*EXERCISE OBJECTIVE*: Output must consist only of the lines of the material below from the one with "So we have our" through the one with "Because this would", each reproduced exactly; no pictures belong in it.

*SUPPLIED RECORDS*:
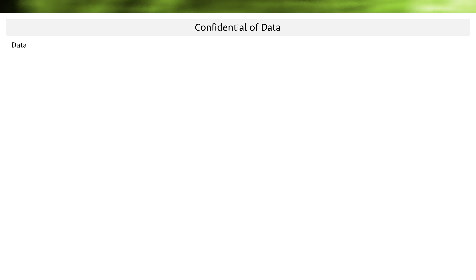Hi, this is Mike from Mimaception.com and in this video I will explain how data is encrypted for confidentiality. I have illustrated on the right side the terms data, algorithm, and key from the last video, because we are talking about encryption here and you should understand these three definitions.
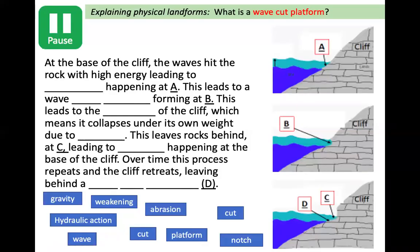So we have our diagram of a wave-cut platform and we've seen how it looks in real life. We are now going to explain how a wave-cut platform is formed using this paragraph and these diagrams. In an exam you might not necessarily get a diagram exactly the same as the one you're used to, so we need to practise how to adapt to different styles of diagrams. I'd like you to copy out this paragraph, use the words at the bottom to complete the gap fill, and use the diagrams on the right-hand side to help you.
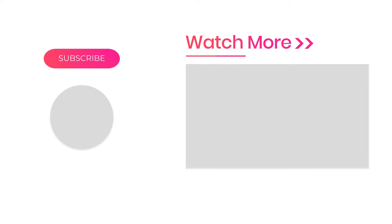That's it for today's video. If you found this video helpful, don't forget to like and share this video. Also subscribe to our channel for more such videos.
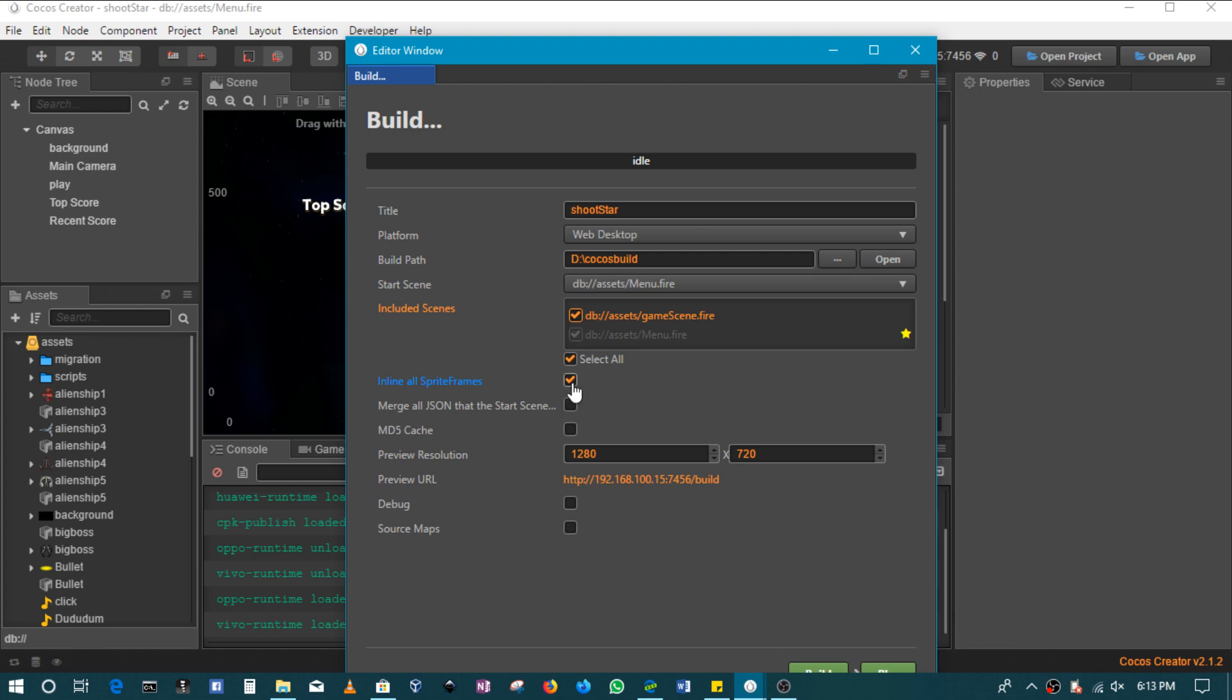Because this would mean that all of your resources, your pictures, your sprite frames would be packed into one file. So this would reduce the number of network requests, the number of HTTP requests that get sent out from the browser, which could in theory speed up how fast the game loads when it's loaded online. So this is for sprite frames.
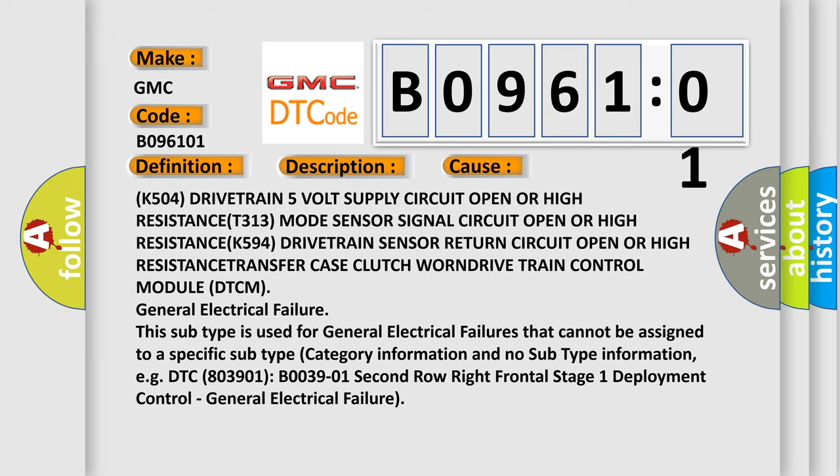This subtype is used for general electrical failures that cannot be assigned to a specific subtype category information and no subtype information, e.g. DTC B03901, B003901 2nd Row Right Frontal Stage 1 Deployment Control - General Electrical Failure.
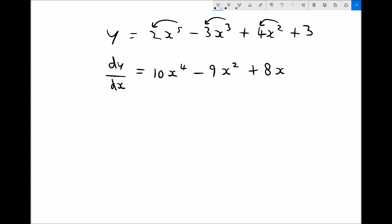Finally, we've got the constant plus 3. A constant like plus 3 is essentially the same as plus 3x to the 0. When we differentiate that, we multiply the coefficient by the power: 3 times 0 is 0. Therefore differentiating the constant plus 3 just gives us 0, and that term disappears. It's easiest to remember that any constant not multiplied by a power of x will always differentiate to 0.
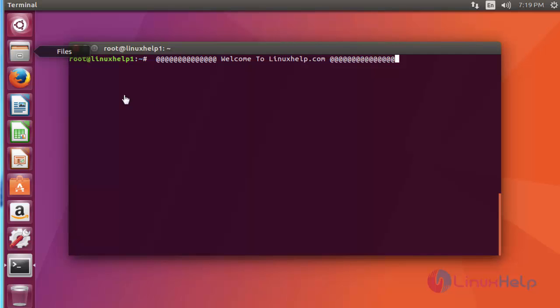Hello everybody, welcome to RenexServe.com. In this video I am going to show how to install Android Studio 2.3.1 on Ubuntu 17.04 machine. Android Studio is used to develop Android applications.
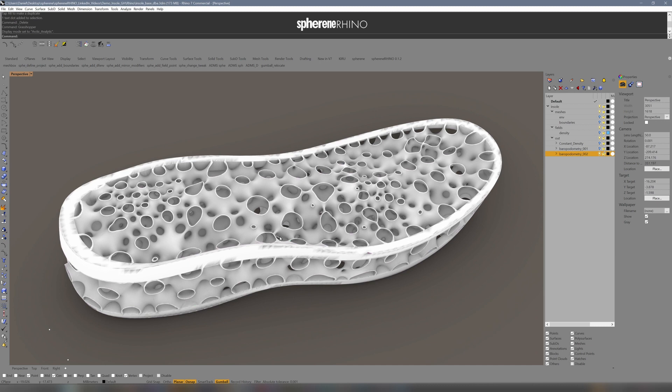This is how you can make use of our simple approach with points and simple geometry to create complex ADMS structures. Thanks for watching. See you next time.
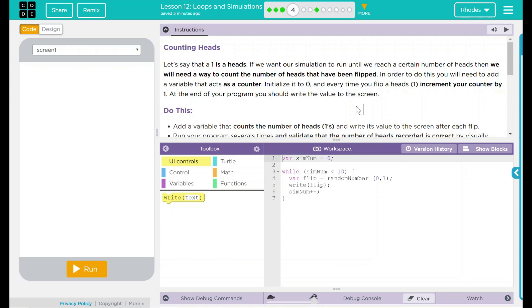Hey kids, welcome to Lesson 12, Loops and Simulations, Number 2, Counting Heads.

--

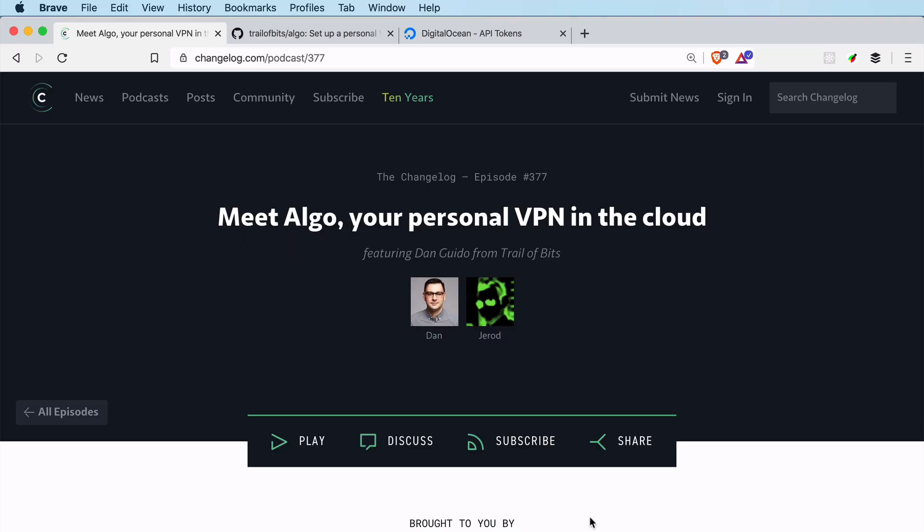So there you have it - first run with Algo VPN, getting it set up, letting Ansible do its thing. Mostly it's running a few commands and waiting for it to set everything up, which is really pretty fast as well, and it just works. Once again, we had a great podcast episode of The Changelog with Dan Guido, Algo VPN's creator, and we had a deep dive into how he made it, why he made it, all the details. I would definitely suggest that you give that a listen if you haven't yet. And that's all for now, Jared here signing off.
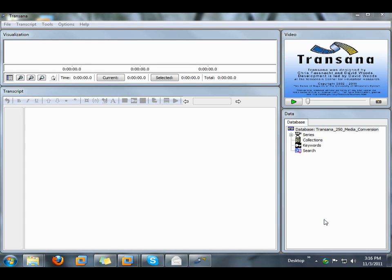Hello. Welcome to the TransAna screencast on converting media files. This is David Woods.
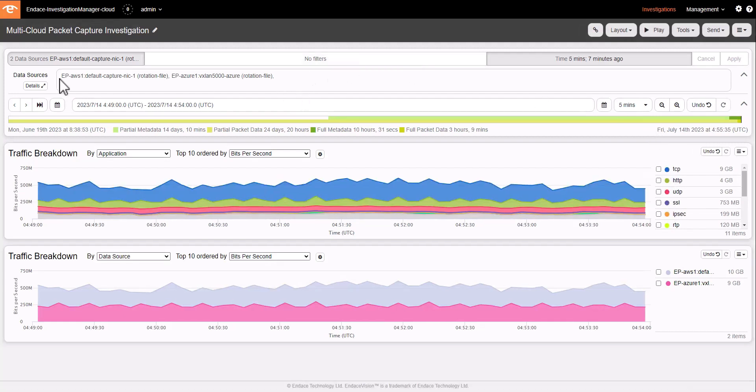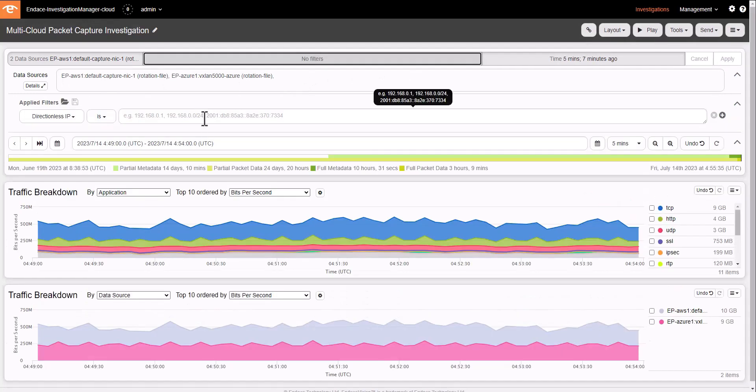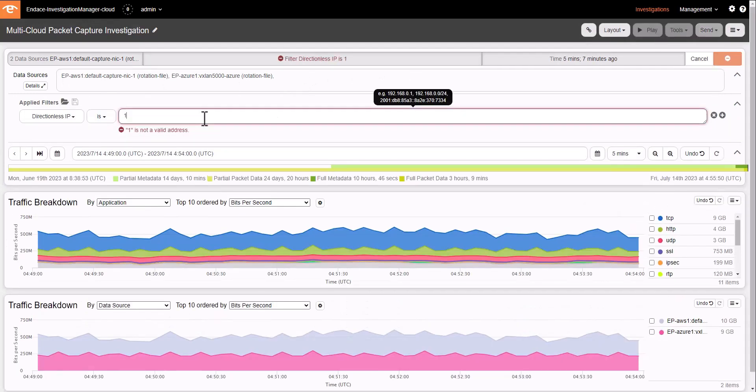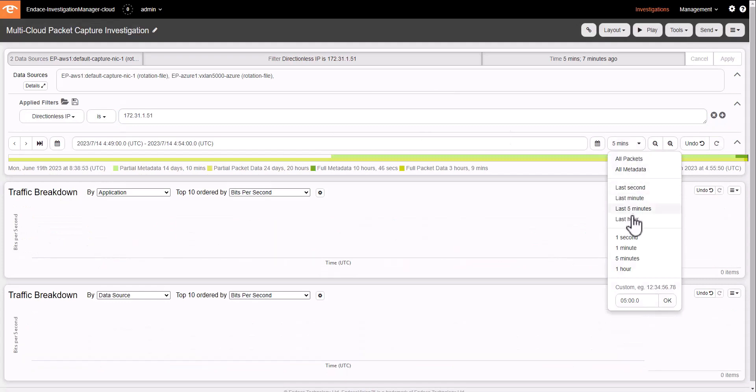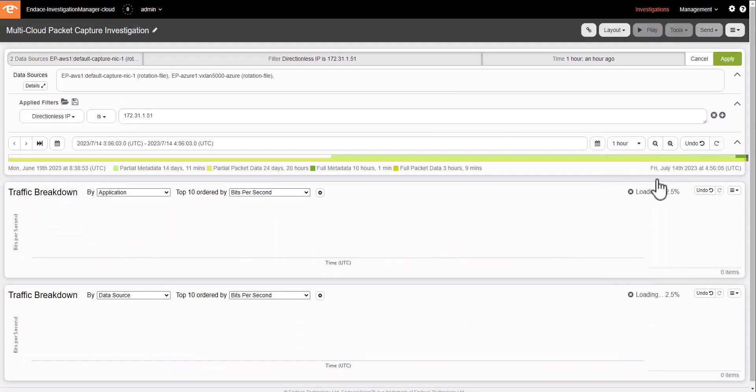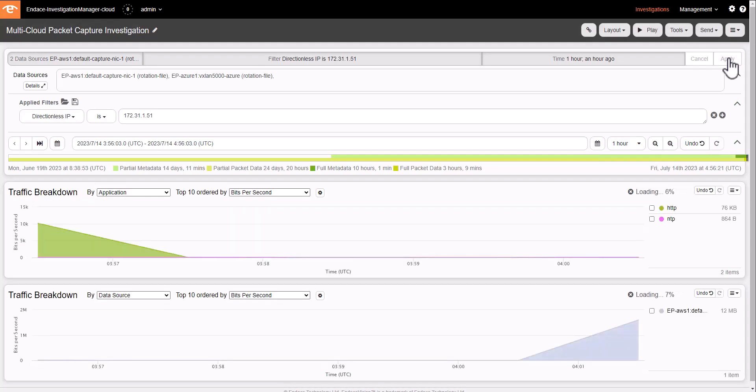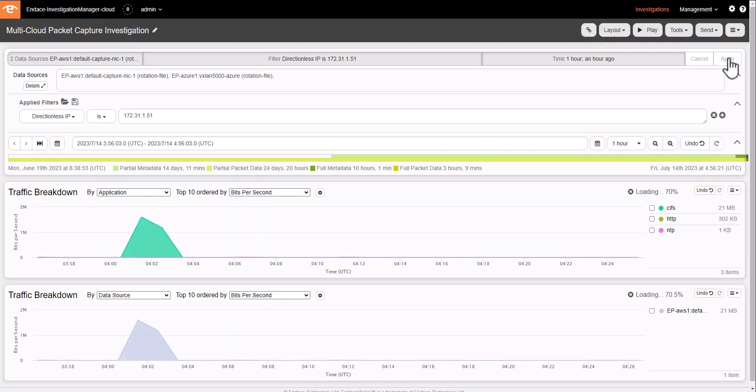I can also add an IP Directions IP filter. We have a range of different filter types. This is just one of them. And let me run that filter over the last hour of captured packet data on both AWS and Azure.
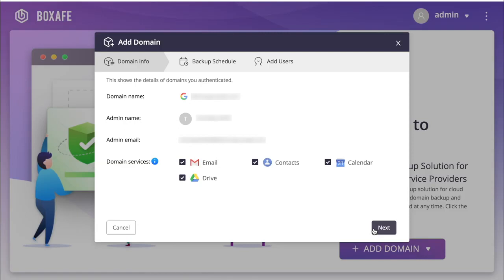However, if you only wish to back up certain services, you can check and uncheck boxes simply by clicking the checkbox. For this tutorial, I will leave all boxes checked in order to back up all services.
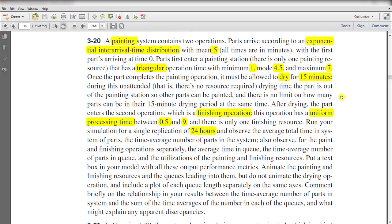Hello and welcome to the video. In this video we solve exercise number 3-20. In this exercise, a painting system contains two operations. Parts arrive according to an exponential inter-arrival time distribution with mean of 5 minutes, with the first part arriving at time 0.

---

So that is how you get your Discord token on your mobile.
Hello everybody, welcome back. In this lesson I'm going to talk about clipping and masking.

*EXERCISE SOLUTION*:
So we have our diagram of a wave-cut platform and we've seen how it looks in real life. We are now going to explain how a wave-cut platform is formed using this paragraph and these diagrams. In an exam you might not necessarily get a diagram exactly the same as the one you're used to, so we need to practise how to adapt to different styles of diagrams. I'd like you to copy out this paragraph, use the words at the bottom to complete the gap fill, and use the diagrams on the right-hand side to help you.
That's it for today's video. If you found this video helpful, don't forget to like and share this video. Also subscribe to our channel for more such videos.
Because this would mean that all of your resources, your pictures, your sprite frames would be packed into one file. So this would reduce the number of network requests, the number of HTTP requests that get sent out from the browser, which could in theory speed up how fast the game loads when it's loaded online. So this is for sprite frames.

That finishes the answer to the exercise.